|
HS Code |
381907 |
| Material Type | Polyester-based optical film |
| Optical Transmittance | Above 90% |
| Haze | Less than 1% |
| Thickness Range | 25-250 micrometers |
| Surface Hardness | 3H-6H pencil hardness |
| Tensile Strength | 120-200 MPa |
| Water Absorption | Below 0.5% |
| Thermal Shrinkage | Less than 1% at 100°C |
| Color | Transparent or clear |
| Refractive Index | 1.5-1.6 |
As an accredited HPM(High-Performance Optical Film Material) factory, we enforce strict quality protocols—every batch undergoes rigorous testing to ensure consistent efficacy and safety standards.
| Packing | HPM is packaged in 25-kilogram, moisture-resistant, multi-layer kraft paper bags with inner polyethylene lining for optimal protection. |
| Container Loading (20′ FCL) | Container Loading (20' FCL): HPM is securely packed in sealed drums, each on pallets, maximizing container space for safe global transport. |
| Shipping | HPM (High-Performance Optical Film Material) is shipped in moisture-proof, tamper-evident packaging within sealed drums or cartons, ensuring protection from contamination and environmental exposure.
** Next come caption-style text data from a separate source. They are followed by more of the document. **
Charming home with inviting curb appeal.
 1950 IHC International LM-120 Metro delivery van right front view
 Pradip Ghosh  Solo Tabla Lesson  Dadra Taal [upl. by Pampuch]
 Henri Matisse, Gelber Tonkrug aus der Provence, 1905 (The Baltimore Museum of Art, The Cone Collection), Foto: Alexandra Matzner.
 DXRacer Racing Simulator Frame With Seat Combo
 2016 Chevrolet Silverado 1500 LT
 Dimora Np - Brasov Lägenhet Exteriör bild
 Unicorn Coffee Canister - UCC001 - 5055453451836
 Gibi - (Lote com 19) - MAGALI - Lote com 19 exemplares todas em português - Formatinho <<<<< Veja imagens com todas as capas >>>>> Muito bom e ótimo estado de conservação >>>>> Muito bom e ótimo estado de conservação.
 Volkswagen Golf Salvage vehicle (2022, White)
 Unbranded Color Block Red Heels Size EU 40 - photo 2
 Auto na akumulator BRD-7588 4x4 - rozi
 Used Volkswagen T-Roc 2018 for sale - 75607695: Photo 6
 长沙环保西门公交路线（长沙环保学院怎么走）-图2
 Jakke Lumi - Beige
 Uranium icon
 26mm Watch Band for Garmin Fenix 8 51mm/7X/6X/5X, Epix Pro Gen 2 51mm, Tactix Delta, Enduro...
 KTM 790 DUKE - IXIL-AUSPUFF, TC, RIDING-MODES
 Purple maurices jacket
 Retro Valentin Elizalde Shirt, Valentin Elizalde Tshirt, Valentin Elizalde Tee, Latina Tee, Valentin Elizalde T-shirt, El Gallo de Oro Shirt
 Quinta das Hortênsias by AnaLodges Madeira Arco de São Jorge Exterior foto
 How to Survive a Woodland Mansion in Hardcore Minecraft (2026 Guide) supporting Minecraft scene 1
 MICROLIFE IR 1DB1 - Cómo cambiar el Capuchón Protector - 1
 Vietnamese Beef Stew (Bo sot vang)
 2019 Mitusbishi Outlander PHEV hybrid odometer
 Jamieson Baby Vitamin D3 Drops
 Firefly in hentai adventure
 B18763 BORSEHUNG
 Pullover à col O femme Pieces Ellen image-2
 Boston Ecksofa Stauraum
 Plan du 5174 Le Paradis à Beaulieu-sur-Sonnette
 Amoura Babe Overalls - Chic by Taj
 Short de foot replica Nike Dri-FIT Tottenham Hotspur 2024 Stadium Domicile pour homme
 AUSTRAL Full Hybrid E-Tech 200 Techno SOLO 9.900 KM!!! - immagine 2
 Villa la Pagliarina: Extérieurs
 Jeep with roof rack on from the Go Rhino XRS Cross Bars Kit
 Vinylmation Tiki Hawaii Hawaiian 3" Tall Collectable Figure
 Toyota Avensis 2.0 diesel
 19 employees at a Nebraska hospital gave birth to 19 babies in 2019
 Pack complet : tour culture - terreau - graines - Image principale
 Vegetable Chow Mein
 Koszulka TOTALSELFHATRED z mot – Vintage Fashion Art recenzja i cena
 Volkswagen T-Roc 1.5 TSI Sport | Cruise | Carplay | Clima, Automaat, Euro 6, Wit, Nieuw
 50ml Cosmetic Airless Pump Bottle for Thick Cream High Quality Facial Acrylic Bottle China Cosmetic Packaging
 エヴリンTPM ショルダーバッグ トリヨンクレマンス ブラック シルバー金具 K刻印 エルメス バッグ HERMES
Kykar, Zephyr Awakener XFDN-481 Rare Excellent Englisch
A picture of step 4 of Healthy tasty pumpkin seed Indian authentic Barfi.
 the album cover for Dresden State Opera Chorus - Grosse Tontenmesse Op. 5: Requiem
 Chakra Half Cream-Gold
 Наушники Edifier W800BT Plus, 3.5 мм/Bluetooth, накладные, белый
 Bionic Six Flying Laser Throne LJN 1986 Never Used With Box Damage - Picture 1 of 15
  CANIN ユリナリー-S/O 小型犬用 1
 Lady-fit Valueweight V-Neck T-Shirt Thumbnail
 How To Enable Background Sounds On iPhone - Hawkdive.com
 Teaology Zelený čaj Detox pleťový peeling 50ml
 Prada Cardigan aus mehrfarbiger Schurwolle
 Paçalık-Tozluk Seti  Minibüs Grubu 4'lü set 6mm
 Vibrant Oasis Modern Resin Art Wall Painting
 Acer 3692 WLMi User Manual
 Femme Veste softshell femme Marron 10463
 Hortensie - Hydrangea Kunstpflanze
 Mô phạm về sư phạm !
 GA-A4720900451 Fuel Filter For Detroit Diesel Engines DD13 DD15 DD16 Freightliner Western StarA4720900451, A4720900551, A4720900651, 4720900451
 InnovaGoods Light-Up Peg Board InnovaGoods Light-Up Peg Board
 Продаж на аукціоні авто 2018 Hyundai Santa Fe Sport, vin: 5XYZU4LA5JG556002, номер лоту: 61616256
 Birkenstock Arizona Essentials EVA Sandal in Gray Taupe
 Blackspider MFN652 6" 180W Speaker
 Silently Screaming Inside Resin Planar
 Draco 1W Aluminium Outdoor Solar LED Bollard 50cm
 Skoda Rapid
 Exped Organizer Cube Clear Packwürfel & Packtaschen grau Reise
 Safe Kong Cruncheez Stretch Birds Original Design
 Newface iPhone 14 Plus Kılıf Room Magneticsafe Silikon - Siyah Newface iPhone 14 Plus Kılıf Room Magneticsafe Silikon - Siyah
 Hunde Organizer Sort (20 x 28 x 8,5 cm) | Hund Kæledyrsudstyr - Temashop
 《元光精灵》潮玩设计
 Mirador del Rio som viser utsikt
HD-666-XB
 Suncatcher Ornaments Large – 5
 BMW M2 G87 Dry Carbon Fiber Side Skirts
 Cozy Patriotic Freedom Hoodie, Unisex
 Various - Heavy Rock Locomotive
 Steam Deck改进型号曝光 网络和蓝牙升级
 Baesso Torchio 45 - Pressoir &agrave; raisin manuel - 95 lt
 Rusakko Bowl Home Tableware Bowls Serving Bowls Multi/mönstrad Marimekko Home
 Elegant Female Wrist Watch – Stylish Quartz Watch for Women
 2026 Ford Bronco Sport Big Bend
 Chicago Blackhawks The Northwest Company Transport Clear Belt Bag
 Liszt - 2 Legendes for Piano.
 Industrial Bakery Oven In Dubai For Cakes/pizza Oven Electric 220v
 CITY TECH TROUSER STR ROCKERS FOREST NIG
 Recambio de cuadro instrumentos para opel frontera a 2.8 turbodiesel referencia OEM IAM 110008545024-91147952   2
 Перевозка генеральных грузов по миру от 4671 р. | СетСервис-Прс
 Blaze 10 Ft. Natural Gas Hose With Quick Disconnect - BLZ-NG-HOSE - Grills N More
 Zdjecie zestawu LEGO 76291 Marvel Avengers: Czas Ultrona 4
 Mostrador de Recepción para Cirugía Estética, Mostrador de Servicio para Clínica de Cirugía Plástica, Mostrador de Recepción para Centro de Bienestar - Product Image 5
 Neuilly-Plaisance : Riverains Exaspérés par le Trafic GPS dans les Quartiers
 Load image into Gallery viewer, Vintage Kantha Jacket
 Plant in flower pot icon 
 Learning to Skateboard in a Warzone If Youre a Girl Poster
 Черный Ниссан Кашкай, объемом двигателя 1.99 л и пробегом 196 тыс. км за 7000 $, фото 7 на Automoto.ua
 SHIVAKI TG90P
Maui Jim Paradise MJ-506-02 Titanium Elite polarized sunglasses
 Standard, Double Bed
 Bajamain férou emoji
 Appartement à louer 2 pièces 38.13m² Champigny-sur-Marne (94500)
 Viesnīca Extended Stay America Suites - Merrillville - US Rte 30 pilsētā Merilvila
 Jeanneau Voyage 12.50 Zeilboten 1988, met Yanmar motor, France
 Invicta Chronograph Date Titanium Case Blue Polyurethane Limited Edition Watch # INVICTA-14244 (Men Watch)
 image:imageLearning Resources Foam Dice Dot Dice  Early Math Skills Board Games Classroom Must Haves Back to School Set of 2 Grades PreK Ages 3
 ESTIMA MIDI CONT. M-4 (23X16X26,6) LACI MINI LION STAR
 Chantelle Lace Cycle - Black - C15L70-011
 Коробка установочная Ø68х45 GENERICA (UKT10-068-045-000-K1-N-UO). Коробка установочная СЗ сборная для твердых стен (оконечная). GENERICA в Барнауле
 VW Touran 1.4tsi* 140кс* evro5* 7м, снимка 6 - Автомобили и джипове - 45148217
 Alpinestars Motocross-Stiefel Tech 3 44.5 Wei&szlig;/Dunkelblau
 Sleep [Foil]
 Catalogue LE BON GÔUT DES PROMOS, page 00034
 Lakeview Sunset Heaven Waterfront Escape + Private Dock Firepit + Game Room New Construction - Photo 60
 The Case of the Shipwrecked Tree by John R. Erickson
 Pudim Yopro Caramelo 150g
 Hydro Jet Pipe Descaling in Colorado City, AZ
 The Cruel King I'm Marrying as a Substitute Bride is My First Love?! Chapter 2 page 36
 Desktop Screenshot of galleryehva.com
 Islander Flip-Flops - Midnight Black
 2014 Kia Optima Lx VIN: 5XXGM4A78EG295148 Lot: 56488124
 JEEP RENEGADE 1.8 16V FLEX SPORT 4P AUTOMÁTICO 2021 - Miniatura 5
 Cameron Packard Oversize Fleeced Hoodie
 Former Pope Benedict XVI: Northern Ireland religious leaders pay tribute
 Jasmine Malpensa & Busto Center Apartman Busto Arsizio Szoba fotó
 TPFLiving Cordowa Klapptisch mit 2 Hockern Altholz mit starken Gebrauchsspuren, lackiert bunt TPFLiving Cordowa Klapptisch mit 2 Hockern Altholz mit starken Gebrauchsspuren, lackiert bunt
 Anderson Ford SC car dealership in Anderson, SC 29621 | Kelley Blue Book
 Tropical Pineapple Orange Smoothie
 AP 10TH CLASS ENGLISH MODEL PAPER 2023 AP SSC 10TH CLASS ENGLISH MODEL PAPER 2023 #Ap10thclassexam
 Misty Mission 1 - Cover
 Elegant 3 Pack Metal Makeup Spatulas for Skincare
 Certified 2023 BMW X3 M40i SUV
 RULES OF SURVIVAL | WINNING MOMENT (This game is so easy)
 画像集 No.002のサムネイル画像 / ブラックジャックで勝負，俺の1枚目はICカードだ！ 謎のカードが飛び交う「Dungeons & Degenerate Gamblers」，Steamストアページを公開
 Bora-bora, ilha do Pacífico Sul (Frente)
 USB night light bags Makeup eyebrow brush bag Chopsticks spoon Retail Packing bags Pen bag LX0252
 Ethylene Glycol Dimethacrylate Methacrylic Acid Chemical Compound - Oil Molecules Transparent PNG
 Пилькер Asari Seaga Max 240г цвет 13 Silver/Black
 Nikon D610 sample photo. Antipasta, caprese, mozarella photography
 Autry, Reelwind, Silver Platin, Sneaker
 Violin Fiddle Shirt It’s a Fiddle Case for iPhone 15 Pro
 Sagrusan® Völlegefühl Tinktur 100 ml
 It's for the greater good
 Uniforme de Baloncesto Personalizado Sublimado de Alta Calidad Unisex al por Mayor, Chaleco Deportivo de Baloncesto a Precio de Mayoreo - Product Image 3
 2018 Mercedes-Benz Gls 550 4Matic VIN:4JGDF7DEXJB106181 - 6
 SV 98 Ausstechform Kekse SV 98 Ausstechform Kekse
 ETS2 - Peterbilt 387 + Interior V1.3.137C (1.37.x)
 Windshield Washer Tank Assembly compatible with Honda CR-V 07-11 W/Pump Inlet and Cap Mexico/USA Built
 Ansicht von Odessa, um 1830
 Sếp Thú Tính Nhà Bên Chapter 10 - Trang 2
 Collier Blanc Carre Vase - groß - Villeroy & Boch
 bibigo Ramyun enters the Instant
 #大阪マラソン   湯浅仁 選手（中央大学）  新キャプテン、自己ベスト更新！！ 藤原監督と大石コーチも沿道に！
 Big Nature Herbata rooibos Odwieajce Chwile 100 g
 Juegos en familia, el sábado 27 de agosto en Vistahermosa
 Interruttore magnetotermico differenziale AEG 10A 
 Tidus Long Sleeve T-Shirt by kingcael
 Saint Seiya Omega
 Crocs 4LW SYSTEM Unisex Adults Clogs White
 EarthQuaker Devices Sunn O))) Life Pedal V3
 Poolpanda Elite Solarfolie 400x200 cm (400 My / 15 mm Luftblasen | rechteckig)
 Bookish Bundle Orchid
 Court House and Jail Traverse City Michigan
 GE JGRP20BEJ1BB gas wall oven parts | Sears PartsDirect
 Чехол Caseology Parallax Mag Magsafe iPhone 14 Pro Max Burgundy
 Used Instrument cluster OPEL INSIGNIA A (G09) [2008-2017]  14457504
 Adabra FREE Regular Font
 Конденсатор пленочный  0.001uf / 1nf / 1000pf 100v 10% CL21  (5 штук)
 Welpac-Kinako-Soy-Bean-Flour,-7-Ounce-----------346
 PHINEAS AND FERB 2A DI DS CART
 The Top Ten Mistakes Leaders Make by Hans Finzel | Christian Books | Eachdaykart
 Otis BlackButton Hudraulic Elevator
All containers are clearly labeled and compliant with relevant transport regulations. Temperature and humidity controls are maintained during transit to preserve material integrity. |
| Storage | HPM (High-Performance Optical Film Material) should be stored in a cool, dry, and well-ventilated area, away from direct sunlight and sources of heat or ignition. Keep containers tightly closed to prevent contamination or moisture absorption. Avoid exposure to acids, alkalis, and strong oxidizers. Ensure proper labeling and follow safety guidelines to maintain the material’s quality and performance. |
| Shelf Life | HPM’s shelf life is 12 months from manufacture when stored unopened in a cool, dry environment away from direct sunlight. |
Competitive HPM(High-Performance Optical Film Material) prices that fit your budget—flexible terms and customized quotes for every order.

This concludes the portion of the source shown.